The implementations that we consider in this section are based upon the interface of Program 17.1, so they function properly, in theory, for any graph representation. In practice, however, some combinations of interface and representation can have unacceptably poor performance, as we shall see. As usual, we are interested in having "random problem instances," both to exercise our programs with arbitrary inputs and to get an idea of how the programs might perform in real apps. For graphs, the latter goal is more elusive than for other domains that we have considered, although it is still a worthwhile objective. We shall encounter various different models of randomness, starting with one for sparse graphs and another for dense graphs (see Screenshot). Screenshot Two random graphsBoth of these random graphs have 50 vertices. The sparse graph at the top has 50 edges, while the dense graph at the bottom has 500 edges. The sparse graph is not connected, with each vertex connected only to a few others; the dense graph is certainly connected, with each vertex connected to 20 others, on the average. These diagrams also indicate the difficulty of developing algorithms that can draw arbitrary graphs (the vertices here are placed in random position).

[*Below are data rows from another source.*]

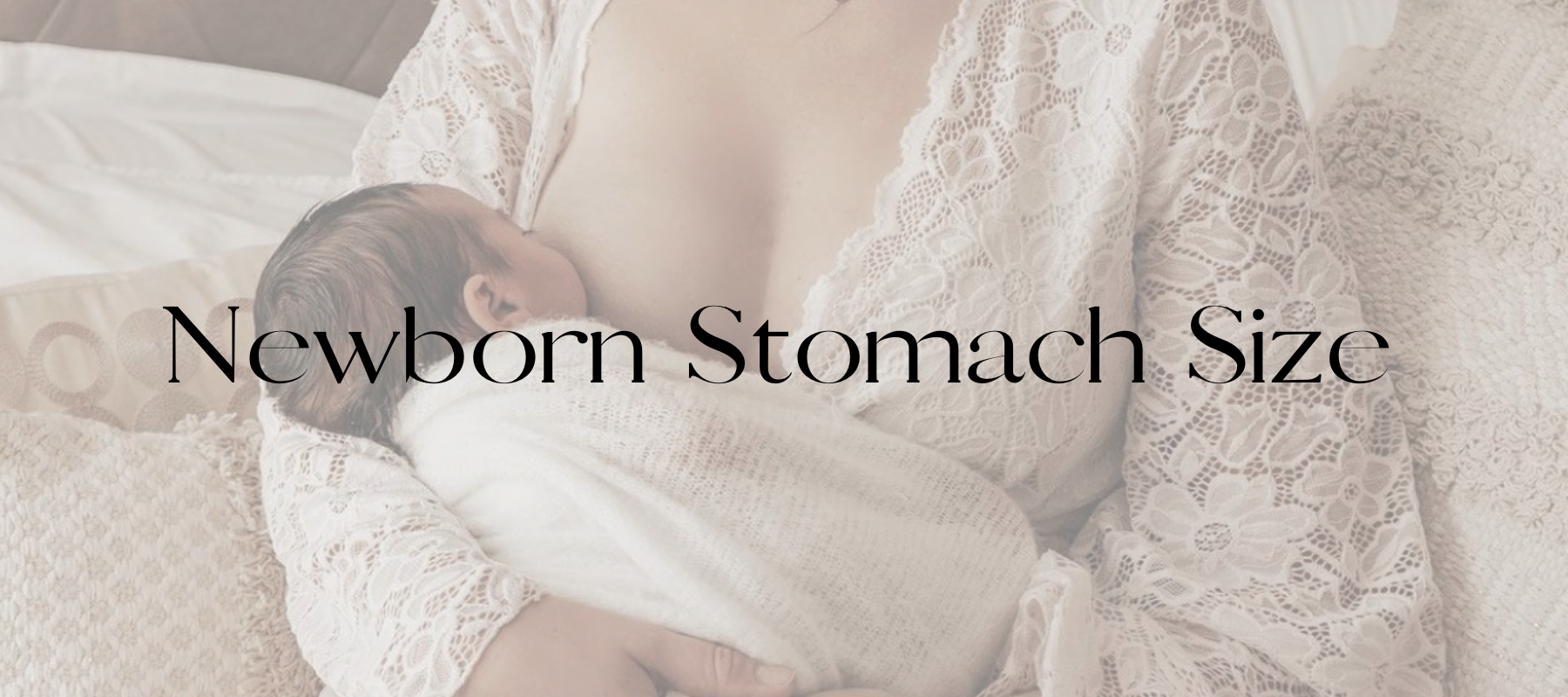 Newborn Stomach Size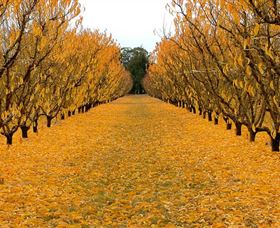 Sun Country On The Murray Farm Gate Trail - Mackay Tourism 0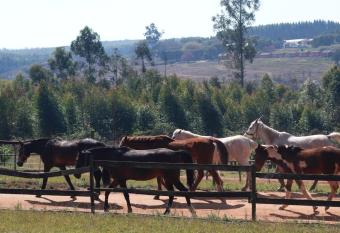 HOOFBEATS CABINS & AZELE HORSERIDING has Balcony rooms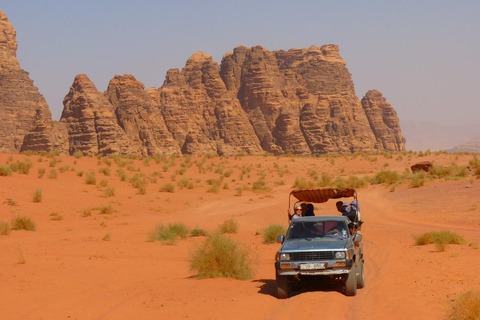 Von Petra: Besuch im Wadi Rum zurück nach Amman oder zum Flughafen Amman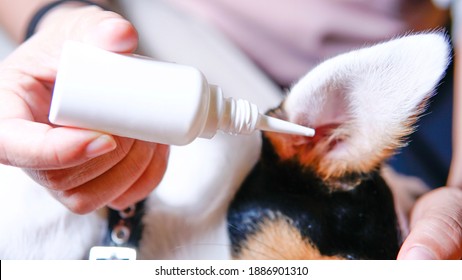 Pet Ear Disease Drop Treatment 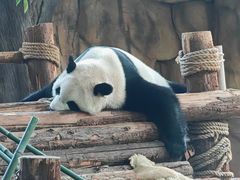 -泉州海丝野生动物世界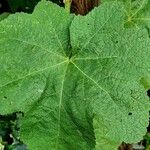 Alcea rosea Feuille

Random edges This model is simple to implement, as indicated by the generator given in Program 17.12. For a given number of vertices V, we generate random edges by generating pairs of numbers between 0 and V – 1. The result is likely to be a random multigraph with selfloops. A given pair could have two identical numbers (hence, selfloops could occur); and any pair could be repeated multiple times (hence, parallel edges could occur). Program 17.12 generates edges until the graph is known to have E edges, leaving to the implementation the decision of whether to eliminate parallel edges. If parallel edges are eliminated, the number of edges generated is substantially higher than then number of edges used (E) for dense graphs (see Exercise 17.62); so this method is normally used for sparse graphs.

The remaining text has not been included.